Owing to the complex dynamic of non-Newtonian materials, the essential applications of such materials are noted in industrial and engineering mechanism. The wide importance of non-Newtonian materials is signified in polymers, manufacturing systems, food products, printing devices, oil pipelines etc. Various classes of non-Newtonian are observed due to complex rheological impact. The Casson fluid model is referred to this class with distinct consequences of shear thinning and thickening properties. The behavior of blood, ink, molten shows the nature of Casson model. Different investigations are presented dealing with this model. Khan et al.28 presented the numerical onset of Casson fluid model with oscillating unsteady regime. Bhatti et al.29 pronounced the Casson rheology with ion slip mechanism via differential transform method. Raza et al.30 reported a fractional computation for Casson model with inclined magnetic force impact. Haq et al.31 used bioconvective applications referring to Casson material with thermal transport phenomenon.

After observing a comprehensive literature survey on nanofluid and entropy generation phenomenon, the aim of current communication is to predict the assessment of heat and mass transfer aspects in flow of Casson nanofluid due to vertically moving plate. The novel objective of work is summarized as:

  • Heat and mass transfer applications regarding the Casson nanofluid flow are reported with optimized framework.

  • The fluid flow is subjecting to the chemical reaction and mixed convection consequences.
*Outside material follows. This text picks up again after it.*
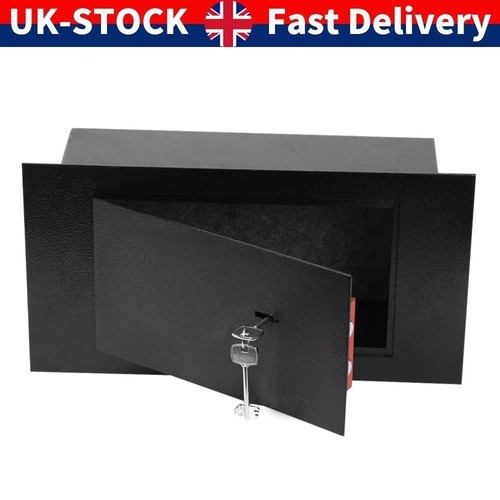 Underfloor safe security heavy - underfloor,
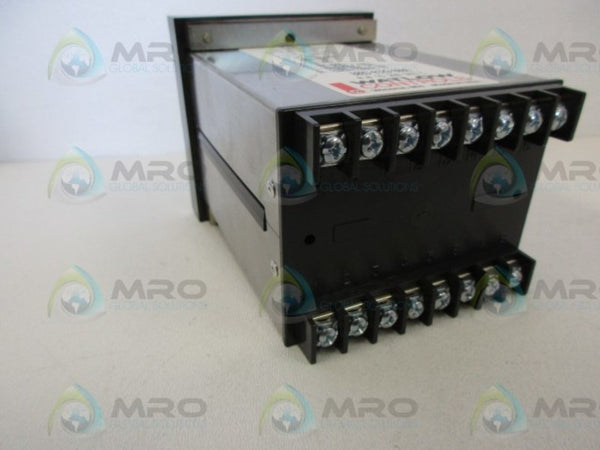 808D-0129-0000 TEMPERATURE CONTROL NSMP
  • The entropy generation and Bejan number significance is considered.

  • The contribution of mixed convection and external heating source is discussed.
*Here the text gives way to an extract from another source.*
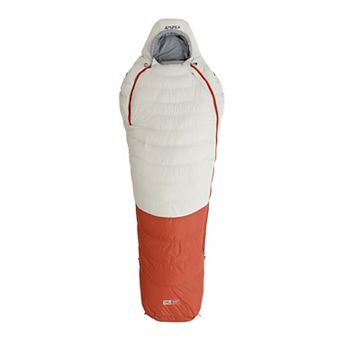Ampex 20°F Element Mummy Sleeping Bag - XL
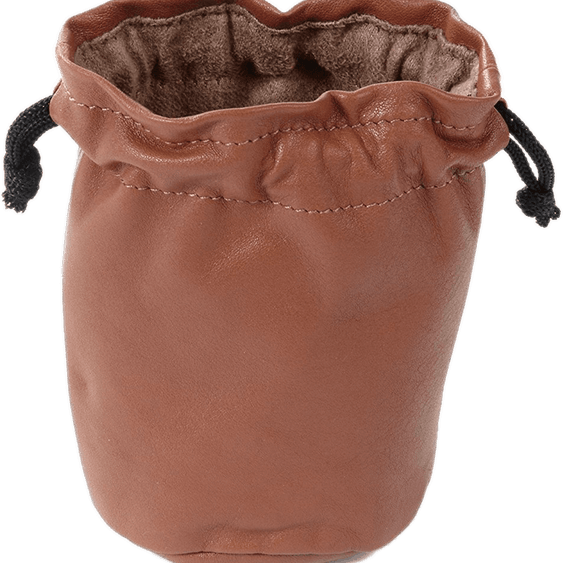 Pouch PNG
  • The analytical simulations with Laplace technique are performed for set of flow parameters.

  • The physical impact and applications of optimized phenomenon is evaluated graphically.

Description of the problem

An unsteady laminar flow of Casson nanofluid is assumed due to vertical plate. The moving plate attains the variable velocity of \(u\left( {0,\tau } \right) = A\tau\). For static plat, the fluid temperature and concentration is assumed to be \(\theta_{\infty }\) and \(C_{\infty }\), respectively. For moving plate, the fluid attains the uniform temperature \(\theta_{w}\) and concentration \(C_{w}\). The joule heating effects are ignored as it has been assumed that collision between fluid particles is small. The external heat source consequences are taken into account in heat equation. The modification in concentration equation is done with chemical reaction features. The governing equations under such assumptions are modeled as23,24,29:

$$ \rho \frac{\partial u(y,\tau )}{{\partial \tau }} = \mu \left( {1 + \frac{1}{\beta }} \right)\frac{{\partial^{2} u(y,\tau )}}{{\partial y^{2} }} + \rho g\beta_{\theta } (\theta (y,\tau ) - \theta_{\infty } ) + \rho g\beta_{c} (C(y,\tau ) - C_{\infty } ), $$
(1)
$$ \rho c_{p} \frac{\partial \theta (y,\tau )}{{\partial \tau }} = K\frac{{\partial^{2} \theta (y,\tau )}}{{\partial y^{2} }} + Q_{0} (\theta (y,\tau ) - \theta_{\infty } ), $$
(2)
$$ \frac{\partial C(y,\tau )}{{\partial \tau }} = D\frac{{\partial^{2} C(y,\tau )}}{{\partial y^{2} }} - K_{1} (C(y,\tau ) - C_{\infty } ) $$
(3)

These are associated with the following physical initial and boundary conditions23:

$$ \left. {\begin{array}{*{20}l} {u\left( {y,0} \right) = 0,} \hfill & {\theta \left( {y,0} \right) = \theta_{\infty } ,} \hfill & {{\text{C}}\left( {y,0} \right) = C_{\infty } } \hfill \\ {u\left( {0,\tau } \right) = A\tau ,} \hfill & {\theta \left( {0,\tau } \right) = \theta_{w} ,} \hfill & {{\text{C}}\left( {0,\tau } \right) = C_{w} } \hfill \\ {u\left( {\infty ,\tau } \right) = 0,} \hfill & {\theta \left( {\infty ,\tau } \right) = \theta_{\infty } ,} \hfill & {{\text{C}}\left( {\infty ,\tau } \right) = C_{\infty } } \hfill \\ \end{array} } \right\}, $$
(4)

The \(\rho\) is the density, \(u\left( {y,\tau } \right)\) is the velocity vector's x-component, \(\beta\) is the Casson fluid's material parameter, \(\mu\) is the dynamic viscosity, \(g\) is the gravitational acceleration, \(\beta_{\theta }\) is the volumetric thermal expansion, \(\beta_{c}\) is the concentration coefficient, \(\theta (y,\tau )\) is the temperature vector's x-component, \(c_{p}\) is the heat capacitance, k is the fluid's thermal conductivity, \(Q_{0}\) shows the heat generation, \(k_{1}\) the reaction parameter and D for the mass diffusivity. Following non-dimensional variables are added to the Eqs. (1)–(4) in order to eliminate the units.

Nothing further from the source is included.